Since I am still a bit confused, but not totally in the dark anymore, could you help clarify two points? Why do you make a symbol for the shape tween in step 1, but then you indicate that you can only do a shape tween with an object not a symbol (am I missing something)? Then my instructor has us making symbols – graphics not movie clips, so I am not entirely clear on the graphics vs. movie clips thing and why you prefer to just do movie clips? Are graphics limiting in any way or does a movie clip just encompass everything that a graphic can do and more?
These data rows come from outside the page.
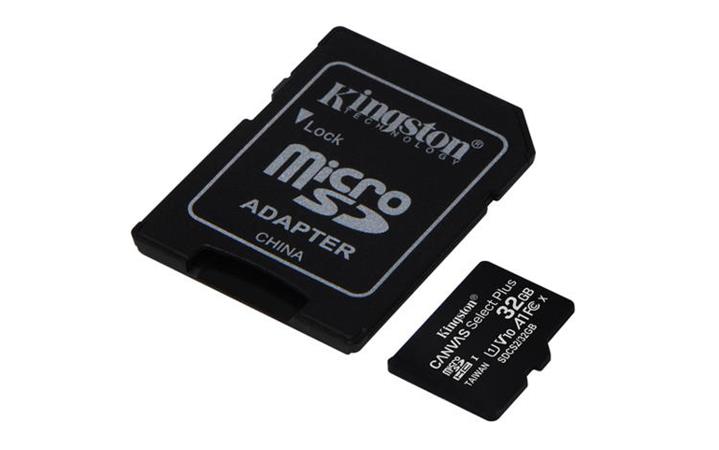 Kingston 32GB micSDHC Canvas Select Plus 100R A1 C10 Card + SD adaptér
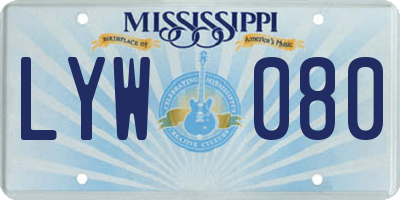 MS license plate LYW080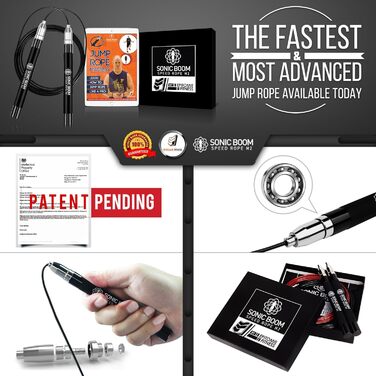 Скакалка для фітнесу Epitomie Fitness Sonic Boom M2, важена, з силіконовою ручкою, 360° обертів, 2 швидкісні троси, для дому, чорна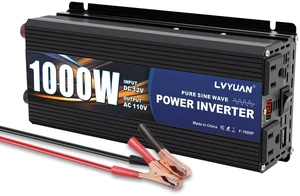 LVYUAN 1000W Pure Sine Wave Power Inverter 12V DC to 110V/120V LVYUAN 1000W Pure Sine Wave Power Inverter 12V DC to 110V/120V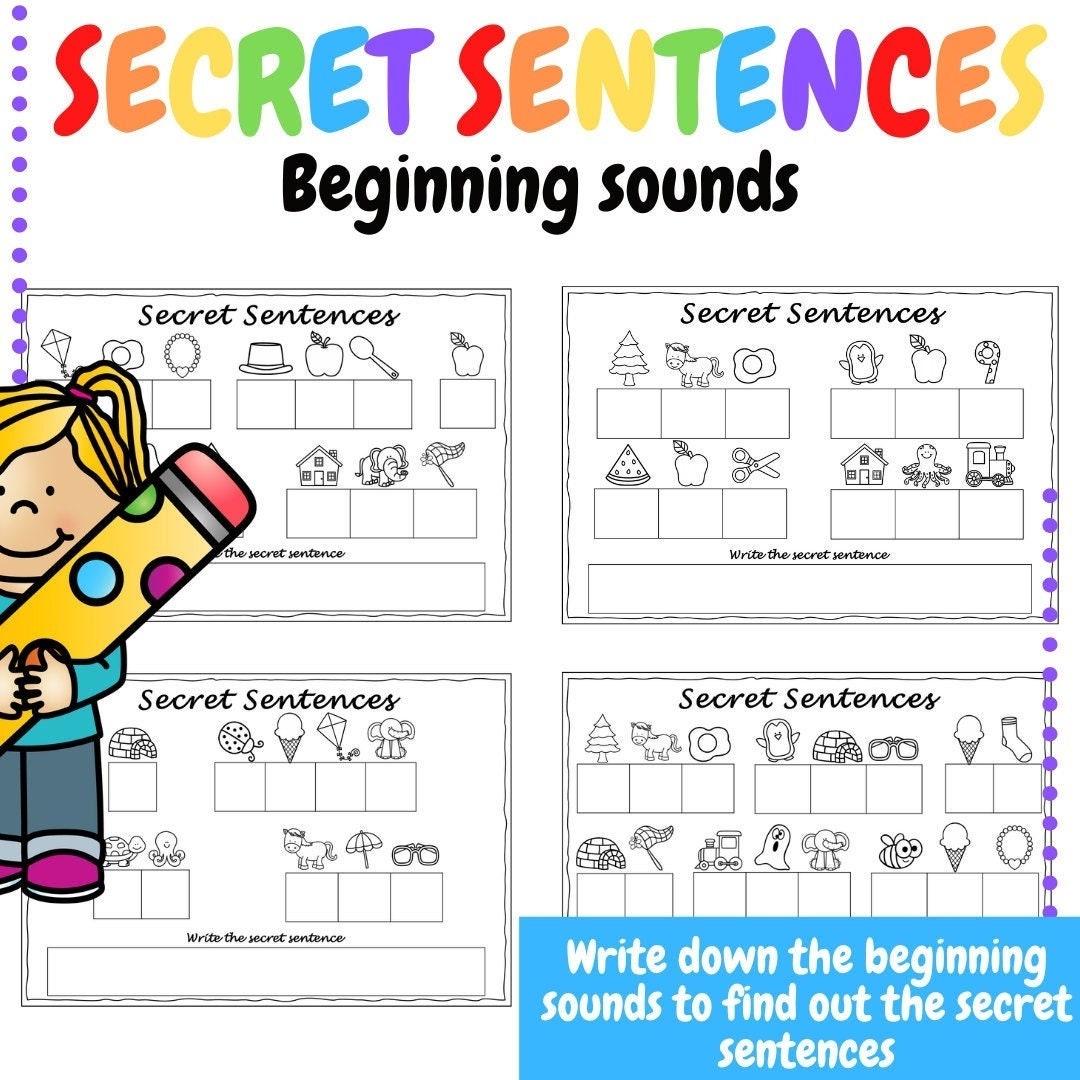 Secret Sentences Booklet Beginning Sounds Etsy Secret Sentences Booklet Beginning Sounds Etsy
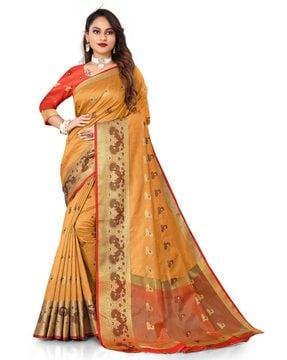 woven pattern traditional saree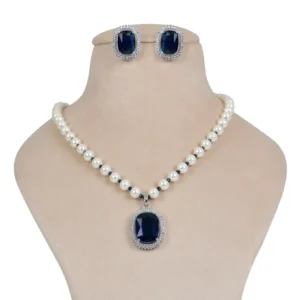 Pearl Necklace Set with Amethyst Pendant & Stud Earrings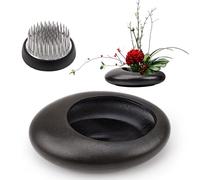 Folmywy Kit de jarrón de cerámica japonesa Ikebana con soporte de tallo de flores de rana Kenzan de 1.57 pulgadas, jarrón redondo negro con forma de guijarro para centros de mesa, suministros de arte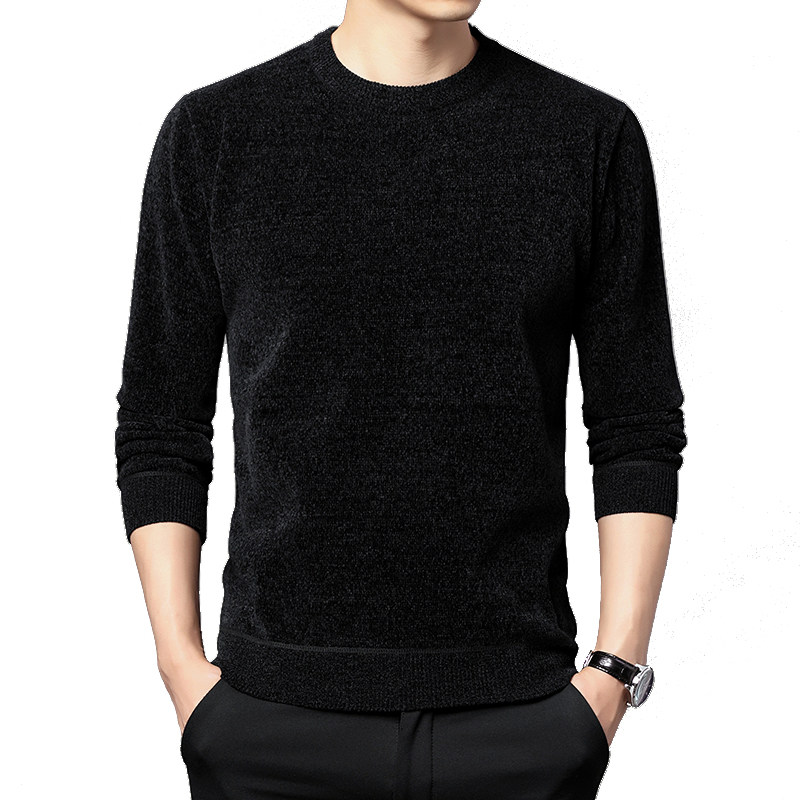 雪尼尔加绒加厚圆领长袖针织衫韩版休闲冬季印花休闲百搭男装潮,淘宝优惠券,粉丝福利购,淘宝优惠卷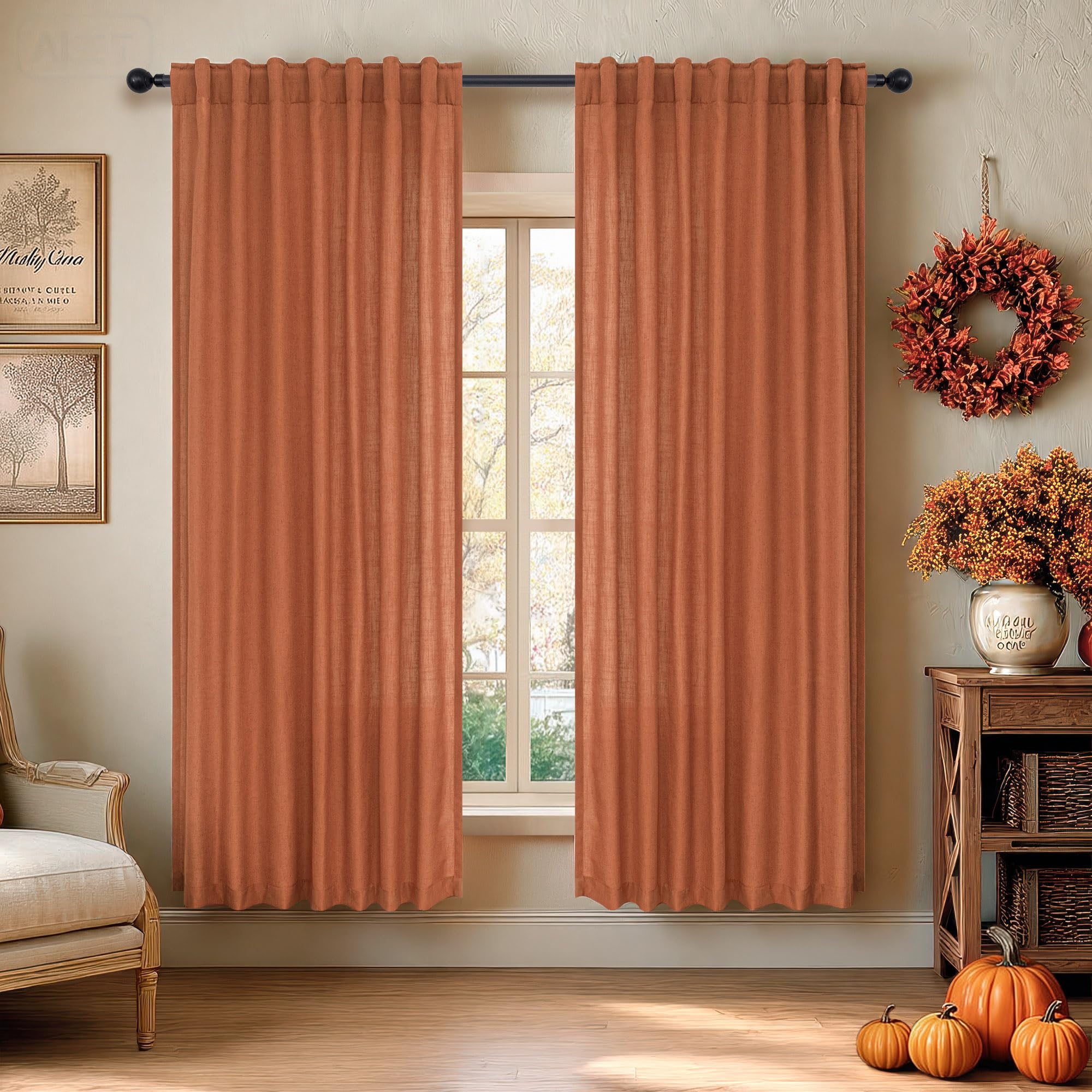 Dusty Burnt Orange Curtains 63 Inch Length for Living Room 2 Panels Set Back Tab Rod Pocket Lightweight Linen Mid Century Modern 70s Curtains for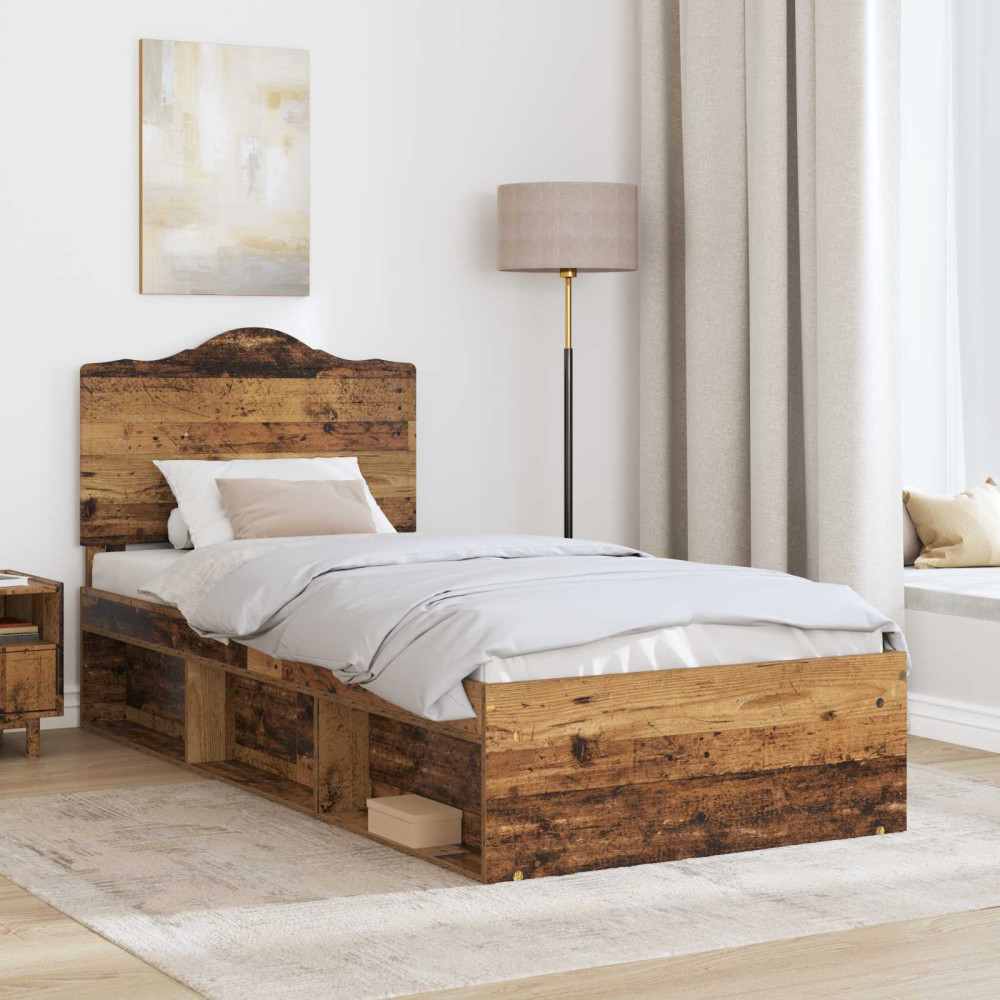 Produktbild för Sängram med huvudgavel Gammalt trä 90 x 190 cm Massiv furu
Any help here would be greatly appreciated.

Thanks,
Fay

19 04 2010
may

Quite funny that in the age of Flex you essentially write a Flash 3 tutorial. 😉
This simple way of animating is what made Flash popular back then.
Few notes:

-unless you really need a morphing effect avoid shape tweens, since it has to store the vector shape data for each frame, thus increases the swf’s filesize more than motion tweens

-@Fay Sommer
The short answer: If all you do is animating things on the timeline using graphics is fine. MovieClips come into play when you code, you can assign a MovieClip a name and then manipulate if from code.
Longer answer, graphics are actually merged with the main timeline when exporting, but MovieClips are like self-contained, independent timelines, you can nest them and make them control each other with gotoAndPlay(), stop(), etc. … Insanely powerful, allows non-coders to do amazing things, but frowned upon by “real coders”.

19 04 2010
Justin J. Moses

@May,

Thanks for the comment – some good insights in there.

As for the Flash 3 tutorial remark, it makes sense when you consider Flex apps still rely on Flash Pro to do much of the creative.